Multilayer Perceptrons

In this section we create multilayer perceptrons by stacking multiple linear layers with non-linear activation functions in between.

Stacking linear classifiers is useless

We could try stacking multiple linear classifiers together. Here is a two layer model:

function multilinear(w, x, ygold)
    y1 = w[1] * x  .+ w[2]
    y2 = w[3] * y1 .+ w[4]
    return softloss(ygold, y2)

Note that instead of using y1 as our prediction, we used it as input to another linear classifier.
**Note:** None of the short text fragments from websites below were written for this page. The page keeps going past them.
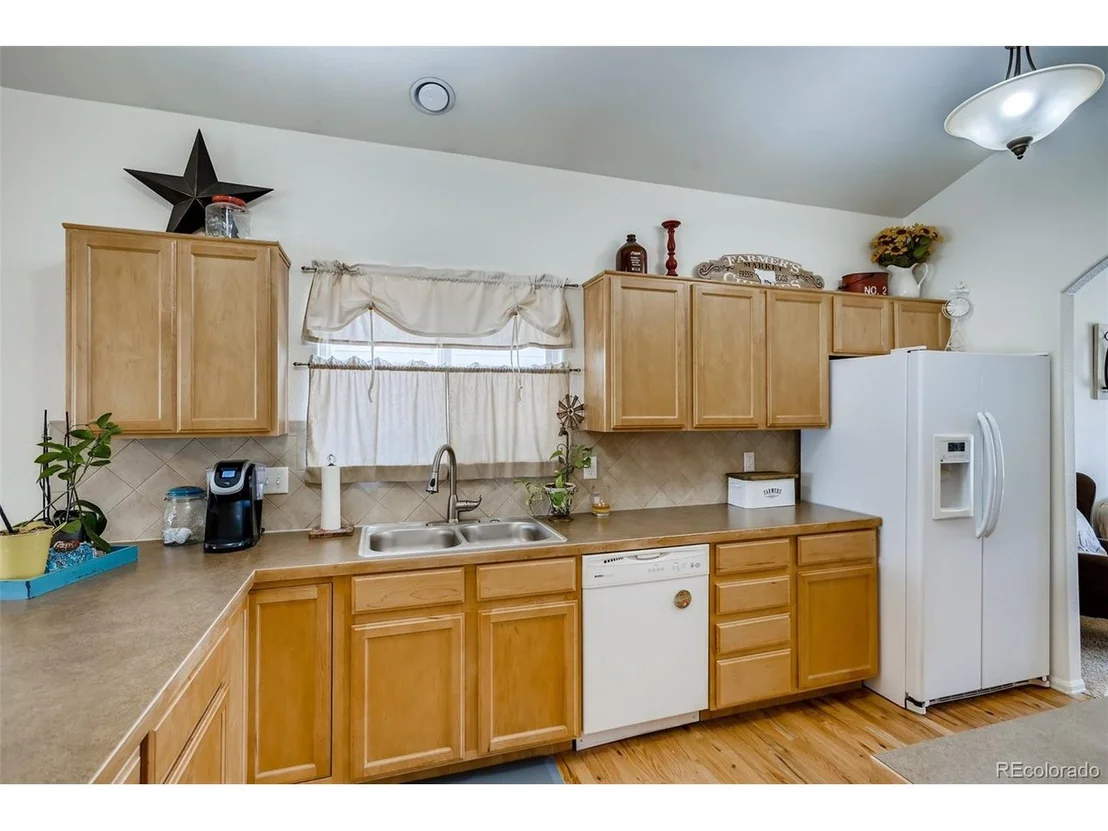 Photo of 5175 Remington Ave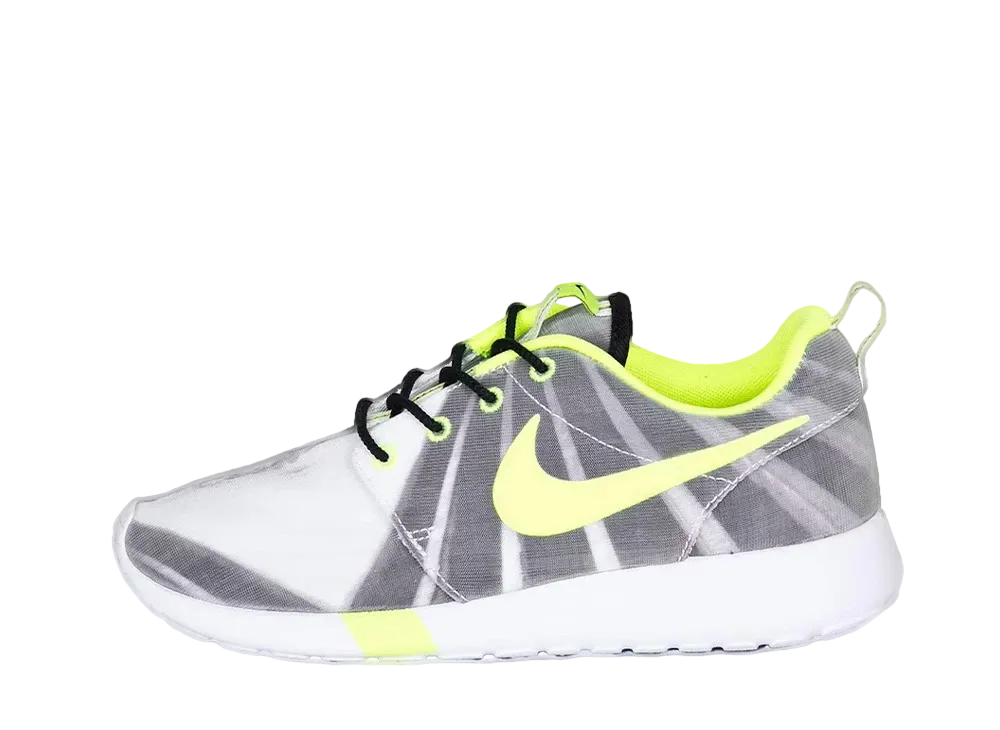 ナイキ ウィメンズ ローシ ラン FV QS "ブラック ボルト ホワイト"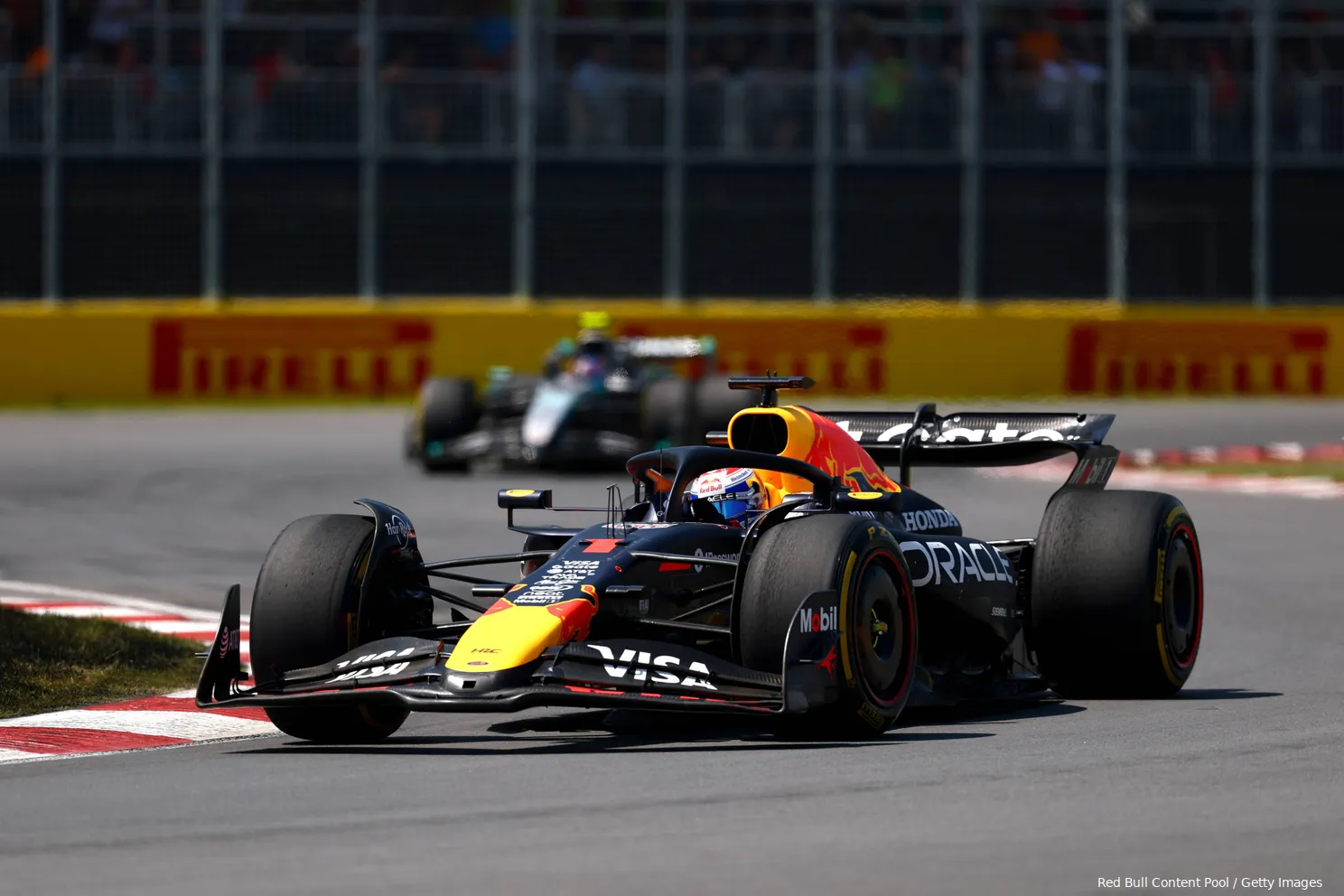 De race van Verstappen | Verstappen betrapte Russell: 'Dat is meer dan tien autolengtes, kijk dan!'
Intermediate arrays like y1 are known as hidden layers because their contents are not directly visible outside the model.

If you experiment with this model (I suggest using a smaller learning rate, e.g. 0.01), you will see that it performs similarly to the original softmax model. The reason is simple to see if we write the function computed in mathematical notation and do some algebra:

\[\begin{split}\hat{p} &=& \mbox{soft}(W_2 (W_1 x + b_1) + b_2) \\ &=& \mbox{soft}((W_2 W_1)\, x + W_2 b_1 + b_2) \\ &=& \mbox{soft}(W x + b)\end{split}\]

where \(W=W_2 W_1\) and \(b=W_2 b_1 + b_2\). In other words, we still have a linear classifier! No matter how many linear functions you put on top of each other, what you get at the end is still a linear function. So this model has exactly the same representation power as the softmax model. Unless, we add a simple instruction...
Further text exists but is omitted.